Это породило истерический призыв Троцкого:

«Белогвардейская конница прорвалась в тыл нашим войскам и несёт с собой расстройство, испуг и опустошение пределов Тамбовской губернии... На облаву, рабочие и крестьяне! Ату белых! Смерть живорезам!»

В этом же воззвании большевистский наркомвоенмор и председатель Реввоенсовета грозил казачеству:

«Вы в стальном кольце. Вас ждёт бесславная гибель. Но в последнюю минуту рабоче-крестьянское правительство готово протянуть вам руку примирения».

Советская газета «Экономическая жизнь» вынуждена была констатировать:

«Как это ни тяжело, но в настоящее время необходимо отказаться от дальнейшего продвижения в Сибири и все силы и средства мобилизовать для того, чтобы защитить само существование Советской Республики от деникинской армии».

Казалось, ещё никогда, с того момента как вспыхнула гражданская война, звезда Антона Ивановича Деникина не сияла так ярко и величественно!

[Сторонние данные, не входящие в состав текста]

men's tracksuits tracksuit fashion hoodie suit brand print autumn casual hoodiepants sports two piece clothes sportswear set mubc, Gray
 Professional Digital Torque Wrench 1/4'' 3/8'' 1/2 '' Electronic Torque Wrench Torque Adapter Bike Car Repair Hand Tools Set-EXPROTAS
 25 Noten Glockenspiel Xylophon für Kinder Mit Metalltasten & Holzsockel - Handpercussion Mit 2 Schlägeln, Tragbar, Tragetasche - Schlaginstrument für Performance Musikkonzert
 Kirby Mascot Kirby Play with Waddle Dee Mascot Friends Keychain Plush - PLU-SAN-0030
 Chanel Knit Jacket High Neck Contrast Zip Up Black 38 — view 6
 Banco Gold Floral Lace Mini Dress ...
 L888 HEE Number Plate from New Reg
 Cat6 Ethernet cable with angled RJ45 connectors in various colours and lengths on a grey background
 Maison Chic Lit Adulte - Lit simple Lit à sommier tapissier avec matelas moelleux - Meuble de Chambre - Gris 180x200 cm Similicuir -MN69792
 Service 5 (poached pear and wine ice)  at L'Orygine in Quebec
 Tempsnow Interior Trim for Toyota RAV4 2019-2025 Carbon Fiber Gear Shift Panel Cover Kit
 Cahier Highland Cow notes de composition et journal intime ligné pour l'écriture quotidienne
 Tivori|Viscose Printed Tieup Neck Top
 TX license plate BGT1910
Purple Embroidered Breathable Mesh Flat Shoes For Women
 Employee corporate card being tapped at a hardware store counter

А что тут удивительного? Победителя способны воспевать даже враги.

31

Никогда ещё Советской Республике не угрожала такая смертельная опасность, как в октябре 1919 года. В руках белых оказались Тамбов, Воронеж, Орел, Курск и многие другие города Центра России. На Восточном фронте Колчак отбросил красных за реку Тобол.

Взволнованный Ленин пишет полное тревоги письмо члену Реввоенсовета Сергею Ивановичу Гусеву, который на самом деле был Яковом Давидовичем Драбкиным — в те времена без псевдонима не обходился, пожалуй, никто, особенно если этот человек принадлежал к высшим эшелонам власти. Вот что было в этом письме:

«Тов. Гусев! Вникая в письмо Склянского (о положении дел 15.IX) и в итоги по сводкам, я убеждаюсь, что наш РВС работает плохо.

Успокаивать и успокаивать, это — плохая тактика. Выходит «игра в спокойствие».

А на деле у нас застой — почти развал.

На Сибирском фронте поставили какую-то сволочь Ольдероге и бабу... и «успокоились». Прямо позор! А нас начали бить. Мы сделаем за это ответственным РВСР, если не будут приняты энергичные меры. Выпускать из рук победу — позор.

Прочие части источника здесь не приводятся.